If using random planners (bitemporal, history, eventtimeupsert) with an unsecured Kudu but with an otherwise secured Hadoop cluster (hadoop.security.authentication=kerberos) you must additionally specify secure = false in the output section of the step configuration. For example:

    output {
      type = kudu
      secure = false
      connection = "REPLACEME:7051"
      table.name = "impala::default.fix_orderhistory"
    }

YARN Cluster Mode

HBase

We need to ensure the HBase configuration is on the classpath, but since Spark runs things in cluster mode slightly differently we need to specify the classpath via an environment variable as follows:

HADOOP_CONF_DIR=/etc/hbase/conf:/etc/hive/conf:/etc/spark2/conf:/opt/cloudera/parcels/CDH/lib/hbase/hbase-common.jar:/opt/cloudera/parcels/CDH/lib/hbase/hbase-client.jar:/opt/cloudera/parcels/CDH/lib/hbase/hbase-protocol.jar:/opt/cloudera/parcels/CDH/lib/hbase/lib/htrace-core.jar \
spark-submit \
  --deploy-mode cluster \
  --files jaas.conf,envelope_app.conf,kafka.kt \
  --driver-java-options=-Djava.security.auth.login.config=jaas.conf \
  --conf spark.executor.extraJavaOptions=-Djava.security.auth.login.config=jaas.conf \
  --conf spark.executor.extraClassPath=/etc/hbase/conf \
envelope-*.jar envelope_app.conf

For an example of a JAAS file, see Connecting to Secure Kafka below.

Kudu

Kudu requires a keytab to operate correctly in cluster mode. Additionally, if using a random planner secure = true is required in the step config as in client mode. An example submission would be:

spark-submit \
  --deploy-mode cluster \
  --files envelope_app.conf \
  --keytab user.kt \ (1)
  --principal ian@PROD.IAN.COM \ (2)
envelope-*.jar envelope_app.conf

Or whatever you have called the keytab file.
The principal to use in the keytab file.

Connecting to Secure Kafka

To access a secure Kafka we must supply both a keytab and a JAAS configuration file and add configurations to the Kafka input/output to enable security

We need to add the following configurations to the input or output sections of our Envelope steps which use Kafka:

    parameter {
      security.protocol = SASL_PLAINTEXT
      sasl.kerberos.service.name = kafka (1)
    }

Or whatever principal your Kafka brokers are running with.

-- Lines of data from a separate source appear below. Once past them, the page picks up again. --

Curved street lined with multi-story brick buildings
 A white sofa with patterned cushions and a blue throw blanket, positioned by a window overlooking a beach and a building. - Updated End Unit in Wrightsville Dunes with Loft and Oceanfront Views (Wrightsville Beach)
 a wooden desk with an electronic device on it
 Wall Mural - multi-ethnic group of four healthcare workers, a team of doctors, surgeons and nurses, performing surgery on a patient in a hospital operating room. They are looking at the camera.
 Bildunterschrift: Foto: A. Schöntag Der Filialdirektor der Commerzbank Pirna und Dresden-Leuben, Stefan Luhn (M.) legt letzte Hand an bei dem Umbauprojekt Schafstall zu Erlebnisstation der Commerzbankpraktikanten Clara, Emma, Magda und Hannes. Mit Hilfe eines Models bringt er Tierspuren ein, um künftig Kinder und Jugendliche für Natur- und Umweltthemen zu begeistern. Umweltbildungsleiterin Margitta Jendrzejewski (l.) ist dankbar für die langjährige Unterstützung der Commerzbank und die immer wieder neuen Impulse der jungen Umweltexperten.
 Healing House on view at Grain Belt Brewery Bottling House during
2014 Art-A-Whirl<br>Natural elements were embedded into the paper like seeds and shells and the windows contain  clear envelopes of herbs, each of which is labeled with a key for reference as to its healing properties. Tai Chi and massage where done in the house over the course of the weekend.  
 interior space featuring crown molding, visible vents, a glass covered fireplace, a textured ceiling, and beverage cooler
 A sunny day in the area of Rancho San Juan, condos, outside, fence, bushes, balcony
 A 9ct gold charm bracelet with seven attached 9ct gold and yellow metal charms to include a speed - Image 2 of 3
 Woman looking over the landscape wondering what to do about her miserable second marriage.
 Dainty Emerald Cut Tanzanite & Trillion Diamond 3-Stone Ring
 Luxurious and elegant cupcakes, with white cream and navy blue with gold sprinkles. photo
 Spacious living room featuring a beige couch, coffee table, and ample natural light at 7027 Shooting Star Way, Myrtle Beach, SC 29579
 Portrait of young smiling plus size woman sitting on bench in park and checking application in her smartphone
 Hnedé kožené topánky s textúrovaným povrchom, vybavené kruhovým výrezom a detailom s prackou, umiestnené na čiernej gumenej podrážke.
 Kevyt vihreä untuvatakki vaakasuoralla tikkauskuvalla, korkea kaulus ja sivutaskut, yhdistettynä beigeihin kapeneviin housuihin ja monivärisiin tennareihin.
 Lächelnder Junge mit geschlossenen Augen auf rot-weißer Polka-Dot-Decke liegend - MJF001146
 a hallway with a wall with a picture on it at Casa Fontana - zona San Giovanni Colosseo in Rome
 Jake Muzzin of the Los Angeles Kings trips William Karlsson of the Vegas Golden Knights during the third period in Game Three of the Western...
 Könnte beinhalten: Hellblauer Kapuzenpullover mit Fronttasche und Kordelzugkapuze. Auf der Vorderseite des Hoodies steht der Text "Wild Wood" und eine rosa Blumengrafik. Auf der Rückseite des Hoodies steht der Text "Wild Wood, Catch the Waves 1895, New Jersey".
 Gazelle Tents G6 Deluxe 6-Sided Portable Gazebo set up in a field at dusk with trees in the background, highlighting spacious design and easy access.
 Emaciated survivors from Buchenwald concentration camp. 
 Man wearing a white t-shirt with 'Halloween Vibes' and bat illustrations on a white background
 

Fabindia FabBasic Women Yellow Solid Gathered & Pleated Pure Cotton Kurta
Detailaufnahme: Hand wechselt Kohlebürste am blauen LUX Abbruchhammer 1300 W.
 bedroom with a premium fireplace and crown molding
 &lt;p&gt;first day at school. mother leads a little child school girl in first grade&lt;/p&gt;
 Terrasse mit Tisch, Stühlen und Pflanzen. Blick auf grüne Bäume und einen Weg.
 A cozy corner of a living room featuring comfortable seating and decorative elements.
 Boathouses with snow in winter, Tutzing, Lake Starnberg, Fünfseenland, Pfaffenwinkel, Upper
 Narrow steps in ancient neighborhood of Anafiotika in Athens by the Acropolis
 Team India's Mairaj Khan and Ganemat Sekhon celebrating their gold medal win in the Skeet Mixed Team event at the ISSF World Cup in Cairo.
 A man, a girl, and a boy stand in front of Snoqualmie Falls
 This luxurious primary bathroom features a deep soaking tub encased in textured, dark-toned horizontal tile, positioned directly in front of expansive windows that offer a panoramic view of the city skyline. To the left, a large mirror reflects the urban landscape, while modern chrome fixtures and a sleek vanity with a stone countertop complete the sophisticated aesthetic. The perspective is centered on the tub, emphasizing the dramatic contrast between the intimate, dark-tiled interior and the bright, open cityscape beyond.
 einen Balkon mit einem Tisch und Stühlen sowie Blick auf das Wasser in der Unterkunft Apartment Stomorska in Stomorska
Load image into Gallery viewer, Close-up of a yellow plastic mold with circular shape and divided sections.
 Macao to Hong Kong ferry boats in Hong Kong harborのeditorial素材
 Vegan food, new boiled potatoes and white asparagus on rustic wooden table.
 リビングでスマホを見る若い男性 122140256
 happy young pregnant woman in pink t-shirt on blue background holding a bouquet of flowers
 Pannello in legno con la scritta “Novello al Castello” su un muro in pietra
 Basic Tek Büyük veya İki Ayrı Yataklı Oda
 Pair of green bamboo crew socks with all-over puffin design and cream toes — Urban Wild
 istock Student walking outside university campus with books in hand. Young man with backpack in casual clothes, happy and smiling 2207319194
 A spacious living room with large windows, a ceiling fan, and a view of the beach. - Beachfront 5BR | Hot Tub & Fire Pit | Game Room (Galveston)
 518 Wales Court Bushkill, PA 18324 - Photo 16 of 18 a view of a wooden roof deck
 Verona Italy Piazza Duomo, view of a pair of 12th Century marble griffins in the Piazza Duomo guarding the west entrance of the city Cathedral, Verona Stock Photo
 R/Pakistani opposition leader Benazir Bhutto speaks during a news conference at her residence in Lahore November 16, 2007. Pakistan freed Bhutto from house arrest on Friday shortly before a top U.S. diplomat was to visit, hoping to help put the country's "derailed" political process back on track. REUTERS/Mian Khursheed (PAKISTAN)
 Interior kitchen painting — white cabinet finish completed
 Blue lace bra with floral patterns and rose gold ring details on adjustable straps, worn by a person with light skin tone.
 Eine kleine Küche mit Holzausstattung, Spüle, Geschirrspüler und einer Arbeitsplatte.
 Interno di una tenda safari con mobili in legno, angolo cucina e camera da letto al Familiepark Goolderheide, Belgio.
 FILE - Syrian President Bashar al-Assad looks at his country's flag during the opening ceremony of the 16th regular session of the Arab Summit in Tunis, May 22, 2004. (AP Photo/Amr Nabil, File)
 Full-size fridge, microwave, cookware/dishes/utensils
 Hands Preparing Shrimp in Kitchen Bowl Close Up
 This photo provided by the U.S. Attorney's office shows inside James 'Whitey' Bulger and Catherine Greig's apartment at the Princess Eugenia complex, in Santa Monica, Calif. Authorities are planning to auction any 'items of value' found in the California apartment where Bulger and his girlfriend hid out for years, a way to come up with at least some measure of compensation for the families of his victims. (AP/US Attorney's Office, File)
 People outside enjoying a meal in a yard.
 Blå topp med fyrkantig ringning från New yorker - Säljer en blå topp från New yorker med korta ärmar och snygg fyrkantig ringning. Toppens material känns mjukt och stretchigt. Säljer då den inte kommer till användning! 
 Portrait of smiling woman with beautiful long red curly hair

We need to supply a JAAS configuration file to both driver and executor. For example:

KafkaClient {
    com.sun.security.auth.module.Krb5LoginModule required
    useKeyTab=true
    useTicketCache=false
    keyTab="kafka.kt" (1)
    principal="ian@IBUSS.AWS.CLOUDERA.COM"; (2)
};

Or whatever you have called the keytab file.
The principal to use in the keytab file.

We can then submit the job with something like the following:

export SPARK_KAFKA_VERSION=0.10
spark-submit \
  --files jaas.conf,kafka.kt \
  --driver-java-options=-Djava.security.auth.login.config=jaas.conf \
  --conf spark.executor.extraJavaOptions=-Djava.security.auth.login.config=jaas.conf \
  envelope-*.jar envelope_app.conf

If reading from Kafka secured by Sentry, you need to ensure the user in the supplied keytab has been granted a Sentry role with the following:

read access to the topics in the step
access to the consumer group specified in the input group.id
access to Spark’s extra consumer group spark-executor-{group.id}

If you need to specify both --keytab and supply a keytab in --files, you can use the same file but you need to symlink one file with a different name to prevent Spark from refusing to upload the same file twice.

Long-Running Applications

Long-running applications—that is, applications expected to run longer than the shortest token renewal lifetime—require the addition of a keytab and principal to the Spark submission command. Spark can use these to obtain new tokens as and when required.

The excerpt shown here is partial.